→ ACTION ITEM
Copy exactly the lines of the data below that run from the line holding "Powder Mountain Downhill" through the line holding "Protagonist Ferdinand soll", both ends included.

→ PROVIDED ENTRIES
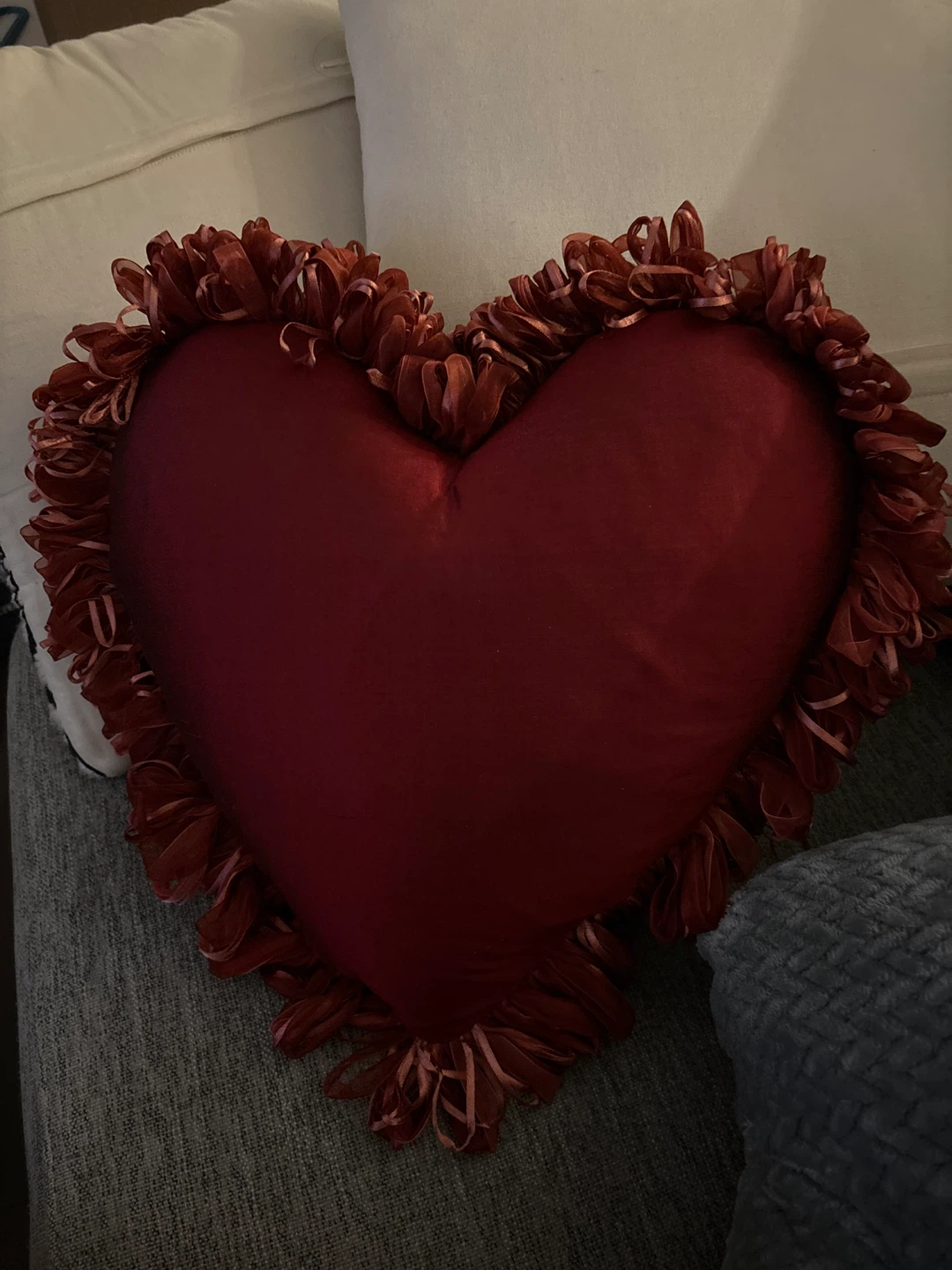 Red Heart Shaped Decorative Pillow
--
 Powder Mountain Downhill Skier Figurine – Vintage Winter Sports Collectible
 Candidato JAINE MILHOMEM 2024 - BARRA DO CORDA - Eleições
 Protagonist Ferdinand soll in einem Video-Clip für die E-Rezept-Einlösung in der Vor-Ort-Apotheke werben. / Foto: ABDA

→ TASK ANSWER
 Powder Mountain Downhill Skier Figurine – Vintage Winter Sports Collectible
 Candidato JAINE MILHOMEM 2024 - BARRA DO CORDA - Eleições
 Protagonist Ferdinand soll in einem Video-Clip für die E-Rezept-Einlösung in der Vor-Ort-Apotheke werben. / Foto: ABDA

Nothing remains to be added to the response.